Her knuckles whitened around the spine of her notebook. They both looked forward, as if refusing to acknowledge how this was all deeply weird.

“I believe,” Daniel murmured, pitched for her alone, “that we missed the proper introductions.”

Lila blinked. For one disorienting second, the sheer incongruity of it nearly tipped her balance. Stolen relics and scandal biting at her heels, and the man wanted to introduce himself. It was so absurd she almost laughed, except nothing about this felt funny.

Instead, she cleared her throat, which came out squeakier than intended. “Um. I…yes. I suppose so.”

He offered a half-smile. Crooked, almost shy. The sort of expression that didn’t fit neatly with the tall, tuxedoed Duke who’d just stormed into a room like a thunderclap.

“Daniel Harrowind,” he said, quieter now than he’d been in the chaos earlier. “Duke of Eastmoor.”

Her pulse fluttered. It seemed only fair to match his formality, though it came out like a blurting. “Lila Singh. Rajkumari of Indravash.”

His gaze flicked toward her notebook. “Do you always carry that?”

Heat rose up her neck. “Yes, unfortunately. It helps me think. Literally.” She realized how ridiculous that sounded only after it was out.

“Shield, or research?” he asked, as if the question were perfectly logical.

“Both,” she whispered. “Depends on the circumstances.”

The grin that spread across his face looked unguarded now, warmer than it should have been in a hallway patrolled by police. “Sounds useful. I’ll remember to bring my own next time.”

She bit her lip, finally brave enough to let a grin slip back. “You’re not what I expected from a Duke, you know.”

“Likewise, Rajkumari,” he said, his voice soft but teasing. “No headdress. Not even a dramatic faint.”

She gave a surprised shrug. “I left my fainting couch at home.”

His head tilted, eyes crinkling. “We’ll have to improvise. I can always catch you.”

Her chuckle came unbidden, bright and a little incredulous. Delight, really, because who joked like this, here of all places?

His face turned solemn. “You were magnificent, you know. Back there at the dining table.”

Her heart gave a startled kick. Magnificent? No one had ever used that word for her, not even when she had successfully dug up a particularly well-preserved temple frieze. She ducked her head, heat rising, and muttered something utterly silly like, “I’m better with digging than public speaking.”

“Good,” he said without missing a beat. “Then we clearly need you on our excavation team. We’re going to need one if we want to find out the truth.”
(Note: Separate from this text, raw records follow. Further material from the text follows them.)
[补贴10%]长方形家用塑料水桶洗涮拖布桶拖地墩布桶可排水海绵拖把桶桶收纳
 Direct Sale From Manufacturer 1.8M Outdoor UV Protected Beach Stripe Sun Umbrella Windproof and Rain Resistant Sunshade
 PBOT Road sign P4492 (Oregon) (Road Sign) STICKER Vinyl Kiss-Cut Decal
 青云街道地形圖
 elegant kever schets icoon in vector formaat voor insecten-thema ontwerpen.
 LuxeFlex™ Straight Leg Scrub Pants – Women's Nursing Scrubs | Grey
She huffed out a nervous laugh, and then, because humor was safer than sincerity, stage-whispered, “If you can define stratigraphy in under ten words, I’ll consider the alliance.”

He blinked, thought for half a beat, then leaned in, conspiratorial. “Layers, timelines, and people’s bad decisions, mostly buried.”

Lila stared at him, delighted, utterly undone. Nobody, nobody, ever tried to joke about stratigraphy. She had to remember to write that down, just to prove the moment had actually happened.